Avant de fermer ce rideau, intéressons-nous à cette attention sémantique voulue par Bayrou qui croit encore aux ficelles des formules, sans doute n’a-t-il pas entièrement tort, en insistant sur la nature du contrat passé avec Juppé. Non, revendique-t-il, il n’y a pas eu d’accord mais un partenariat. Le citoyen pas trop idiot aura vite détecté la langue de bois, le sens de l’esbroufe, l’esquive, l’art de botter en touche. Un accord suppose au sens métaphysique, une haute valeur de vérité, de consonance, d’entendement sur des choses essentielles. Un accord renvoie aussi à une négociation. Des intérêts convergents ont permis aux parties de s’entendre sur une feuille de route signée en commun. C’est le cas dans le domaine des négociations entre patrons et syndicats, mais aussi en politique. Comment faire accroire qu’il n’y a pas eu accord entre le Modem et l’UMP pour faire liste commune ? C’est prendre les gens pour des imbéciles que de mégoter sur la signification des mots et parler d’un partenariat comme le revendique Bayrou. C’est même se tirer une balle dans le pied car la notion de partenariat évoque la participation d’une entreprise dans le capital d’un grand groupe. De ce fait, le partenariat du Modem signifie une représentation du politique calquée sur celle de l’entreprise. Avec ses 22 points à la présidentielle sur Bordeaux, Bayrou a monnayé les voix de ses électeurs pour que son parti devienne actionnaire minoritaire certes, mais avec force jetons et adjoints, du conseil d’administration de la ville de Bordeaux dont les réunions se tiennent au Palais Rohan. On dit aussi partenaire de jeu. Bayrou a joué sur l’échiquier politique une partie. Qu’on peut tenter d’analyser.

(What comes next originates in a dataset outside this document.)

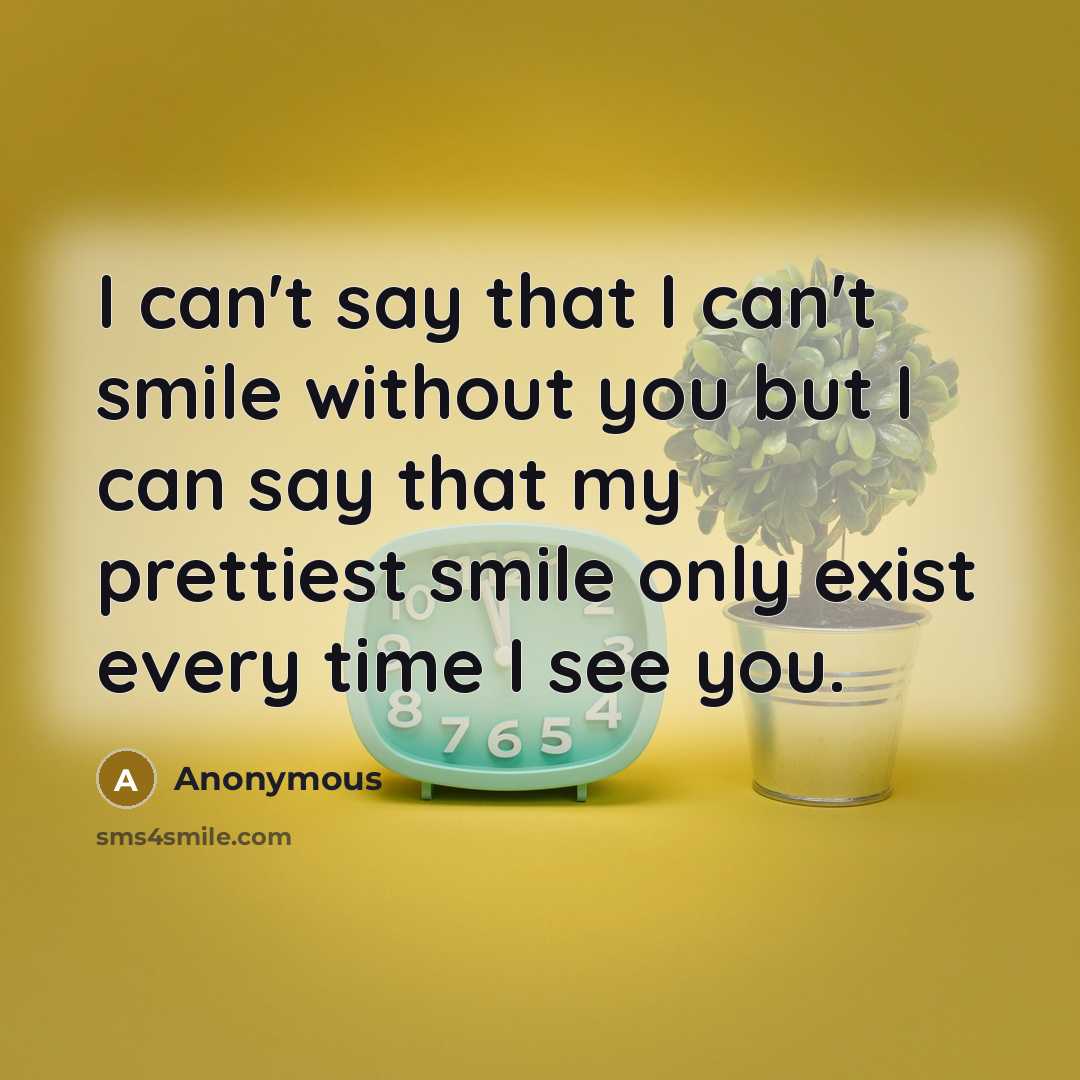 “I can't say that I can't smile without you but I can say that my prettiest smile only exist every time I see you.” quote by Anonymous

Non sans évoquer la situation d’un héritier qui dispose d’un bien et qui veut le vendre avec précipitation, sans travailler son produit, le valoriser, et le propose à un prix sous évalué à un acheteur de peur de perdre le montant escompté de la transaction et de faire fuir l’acheteur. Marchandage. Ainsi... no comment.

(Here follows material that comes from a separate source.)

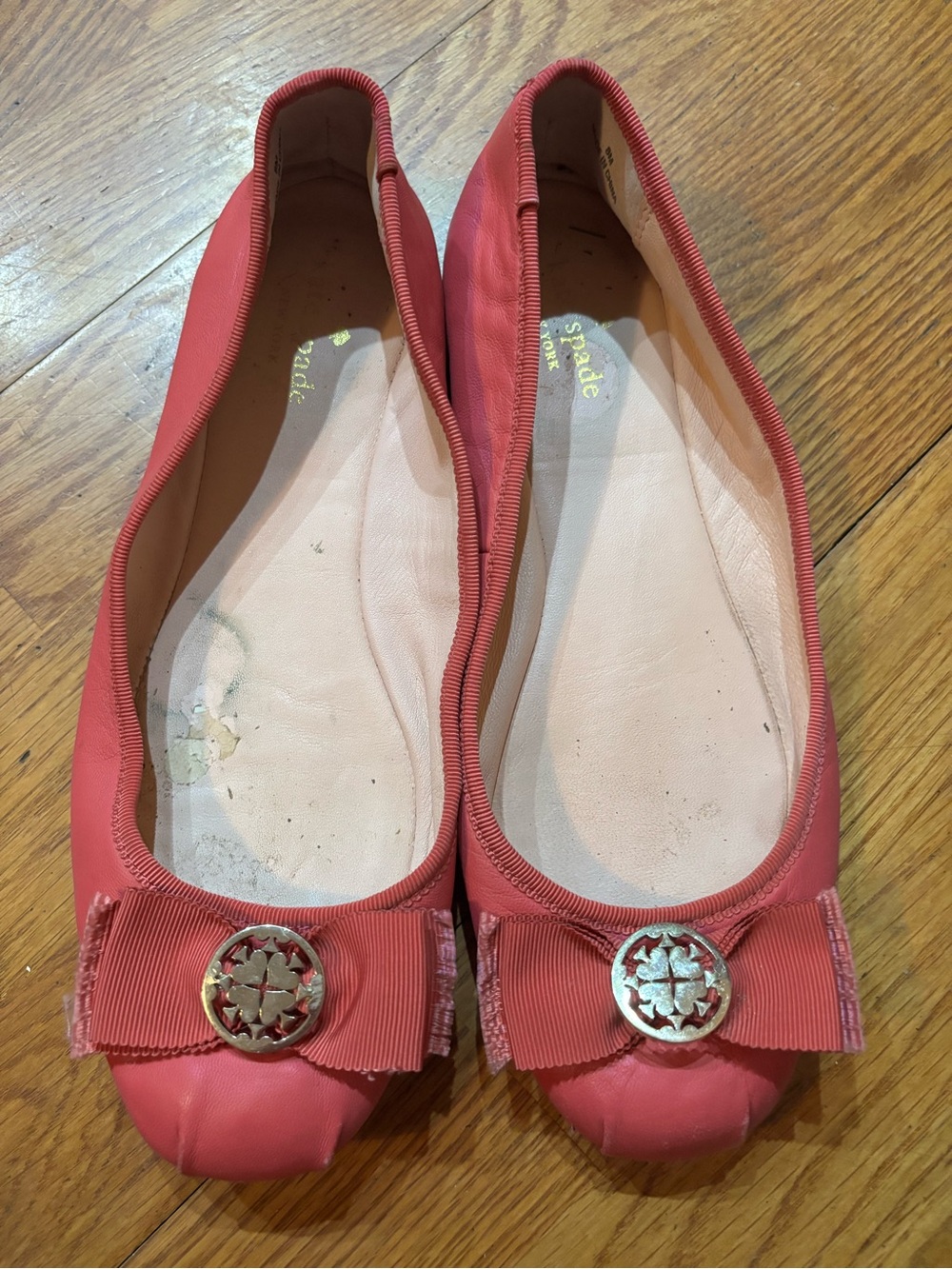 KATE SPADE Pink Leather Fontana Too Ballet Flat Shoes Women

L’élection municipale de Bordeaux est certainement celle qui se dessine avec le plus de traits saisissants comme reflétant un enjeu national, bien plus que dans les autres grandes métropoles. Quoi qu’il advienne, un constat s’impose. Le Modem bordelais a abdiqué face à l’enjeu. L’avenir dira si ce constat d’un dégonflement du soufflet centriste est avéré. Mais pour l’instant, force est de constater que Bayrou a joué petit bras. Et que l’Histoire est tellement puissante qu’elle anéantit tous ceux qui tentent d’infléchir son cours en jouant des cartes personnelles ou des tactiques valables un moment mais invalides ensuite. Ce qui a été hélas pour l’intéressé le cas du coup de dés joué par Bayrou lors des présidentielles. Se sachant sur une mauvaise donne, notamment parce que Sarkozy ne s’en tire pas si mal, Bayrou s’est décidé pour jouer la consolante (Paraclet), terme qu’on n’ira pas jongler sur les terres évangéliques, ce serait placer Bayrou bien trop haut, mais sur le terrain de la pétanque. Bayrou, qui n’a pas démérité et qui a du talent, se contentera de la mairie de Pau. La clé des négociations secrètes n’a que peu d’importance. Ainsi va l’Histoire et le jeu politique qui avec cette exemplarité des municipales de Bordeaux, montre qu’une partie est pour certains déjà jouée. Le Modem a signé sa dissolution dans les eaux troubles de la Garonne. Comme si l’issue de cette fronde politique était déjà inscrite selon des dispositions que les initiés de Sun Tse connaissent.